Behavioural Economics in Advertising: Mental Accounting

A Pepsi is the same price for everyone, right? We each pay the same physical amount of money and receive the same drink after all. But outside of this physical exchange exists a separate psychological price. Imagine it’s summer, one of only three days of British summer, and as the heat beats down in the park, you dig around your bag for a bottle of water. Disaster — the bottle’s empty. Your lips start drying, your head feels dizzy but out of the corner of your eye, you spot a vendor wheeling a cooler filled with ice cold drinks. For the price of every other Pepsi, despite the fact you would happily pay more, you instantly feel replenished and resume sunbathing before it inevitably starts raining.

Mental accounting is a concept from Richard Thaler and is the idea that money’s value is not absolute, but actually relative. In the example above the vendor sold the Pepsi at normal price despite the obvious opportunity to change a little extra. Most people would feel they got a very fair price, despite getting charged the normal rate. Context also has an important influence, how money is received will bend and contort the value attached to the money. In non-behavioural economics jargon, this essentially means a Pepsi is not always equal to another Pepsi.

Consider the below examples:

  • Person A is 60 years old and has earned £800k over the course of their career.
  • Person B is the same age and has only earned £300k. Fortuitously, in answering an email from a Nigerian prince, they’ve recently received £500k. Bringing their total net worth to £800k, minus the cost of a small transfer fee.

Conventional economics would see Person A and Person B as the same in all aspects while Behavioural economics sees a slightly different story.

Person A has earned money steadily across a long career and will have designated ‘jars’ of money for each aspect of their life: holiday, bills, savings, food or money for a rainy day. If any jar is running low, it’s difficult mentally to reassign budget elsewhere. It was found in the US that one in five people who took out high-interest payday loans, still had money in their savings account. The cost of incurring the interest rates on the high-interest loans was physically more bearable than the psychological pain of moving the savings jar to the bills jar. Such behaviour is completely irrational considering that the high-interest will erode savings in the long-term.

Person B will have the same amount of jars just with less cash stashed in them. A cash injection of five hundred thousand pounds leaves room for all sorts of irrational behaviour. Money that’s considered a ‘win’ is more likely to be spent gambling. Person B may decide to double down on their lucky moment and try to make it one million pounds. Perhaps, if the cash injection was passed on from relatives, the money would be spent on doing something of a higher importance such as donating to charity, as those that receive inheritance are more likely to do.

The advertising implication becomes clearer when you consider another of Thaler’s concepts: transaction utility. Essentially, consumers use a cost-benefit analysis when deciding what to buy. The cost of the product is subtracted from the perceived pleasure of owning the product. If the pleasure outweighs the cost, the purchase is made.

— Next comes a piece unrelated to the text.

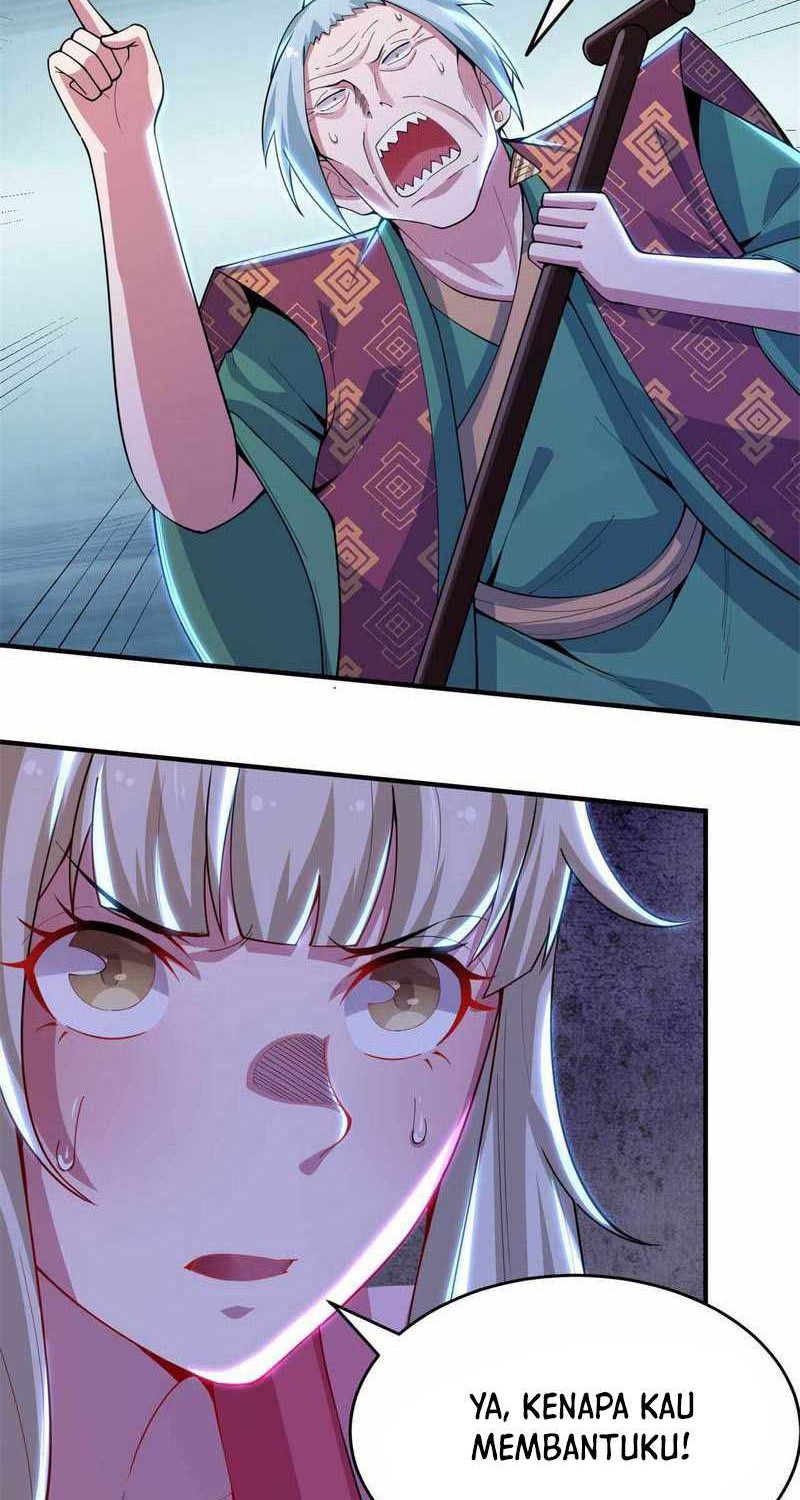 I just want to be beaten to death by everyone Chapter 14 Gambar 23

Traditionally advertising has tried to reach the audience with the highest perceived benefit. This makes intuitive sense as this audience is most likely to purchase. The opposite would be targeting people unlikely to use the product, which unsurprisingly isn’t a great business strategy. Mental accounting shows in actuality the opposite should be targeting those that perceive a lower relative cost, instead of a high relative benefit. Tipping the cost-benefit mental analysis into purchase.

This means finding the moments an audience perceives the relative cost to be less than the absolute. We could look at the difference in Person A and Person B and separate out how their wealth was accrued. Perhaps this could also mean separating the audience into their payment methods. For example, those that purchase with cash typically overestimate their spend by around 10% while those using contactless cards typically underestimate their spend (see Shotton’s The Choice Factory).

A Pepsi is therefore not always equal to another Pepsi. Why a Pepsi is purchased is mostly obvious — thirsty enough, tired enough or just enough of a craving. How a Pepsi is purchased is more difficult to analyse — payment, value of money used or context of recent monetary gains. Although on the surface the absolute price may always be the same, the mental accounting underneath will vary for each and every purchase. The why-how are two sides of the cost-benefit formula and entirely focusing on the why/benefit is a lost opportunity to address the formula from the other side.